Guess is synonymous with heritage design and high-profile celebrity campaigns, but the Los Angeles brands wants to be known for something more than its premium denim roots. This spring, the brand is amplifying its sustainable mission with Guess Eco, a men’s and women’s collection of apparel made with environmentally conscious materials.
Materials used in the S/S ’20 collection include organic cotton, recycled polyester and Lenzing’s Tencel and Modal fibers derived from sustainably managed forests.
With denim being a key area of focus for Guess, the brand also found an opportunity to use Tencel x Refibra, a fiber technology that helps reduce industry waste by upcycling cotton scraps in manufacturing. The Guess Eco Luxe denim line includes the women’s 1981 flares, skinny jeans and high-rise fits in light to medium washes. For men, Eco Luxe denim options span slim tapered denim jeans to skinny and super-skinny jeans.
The collection is part of Guess’ company-wide efforts to make its business more sustainable—from fiber selection to the type of marketing and PR events it hosts, including the media event it hosted this week in New York City. Attendees were asked to bring unwanted clothes for recycling and were sent home with fresh vegetables, reusable straws and cutlery.

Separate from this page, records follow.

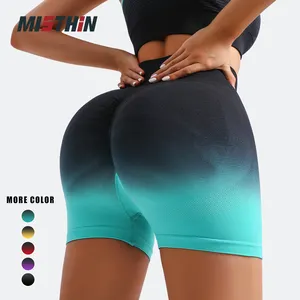 Personnalisé femmes entraînement Yoga Fitness Sport Gym Scrunch bout à bout sans couture taille haute Yoga de Legging ensembles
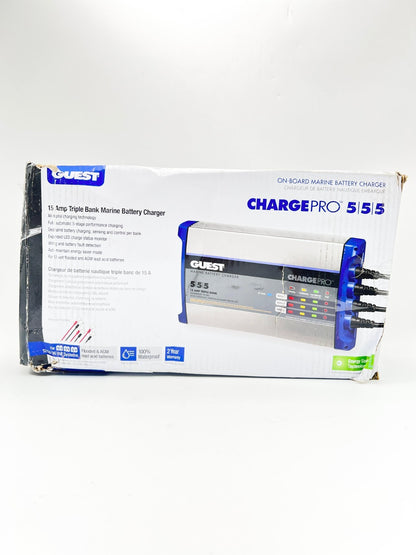 Guest 2713A Guest On-Board Battery Charger 15A / 12V; 3 Bank; 120V Input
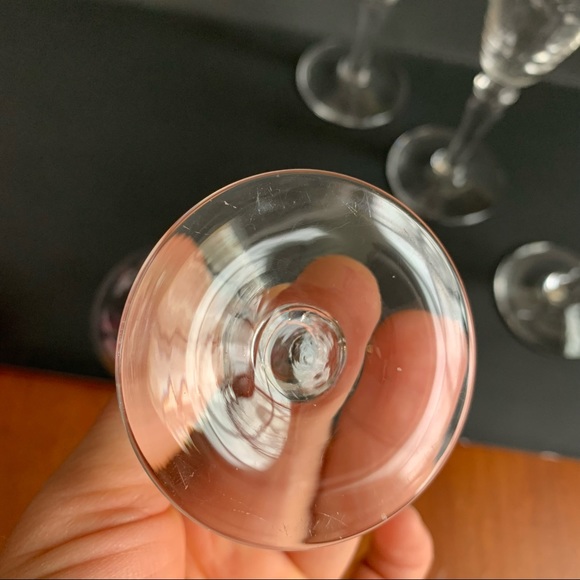 Rock Sharpe etched Leaves & Berries Etched Crystal Cordial Liquor glassses - Picture 11 of 16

“At Guess, we are really trying to make sustainability a part of everybody’s job description,” Jaclyn Allen, the company’s director of corporate sustainability, said at the event.
Sustainability is the way forward for Guess. Since 2016, the company has sponsored a free sustainable fashion course at the Fashion Institute of Design & Merchandising (FIDI) in L.A. for students and its employees, Allen said. Guess also launched ReSourced, a product recycling program in all of its stores, and introduced Guess Vintage, a collection of secondhand garments, to help promote circularity.
The brand’s goal is to offer at least 25 percent of its products as “eco” by 2021. And it is more than halfway there. Guess Eco represents more than 15 percent of the brand’s overall men’s and women’s selection for Spring/Summer 2020. “We have made tremendous progress in the last year,” Allen said, adding that none of the collection was sustainable one year ago.
Part of the brand’s rapid transformation to become more sustainable lies in its decision to choose better ingredients. Because fiber and fabric production account for over half of fashion’s impact, Guess is improving its environmental impact by first transforming its materials selection to include more sustainable alternatives, Allen said.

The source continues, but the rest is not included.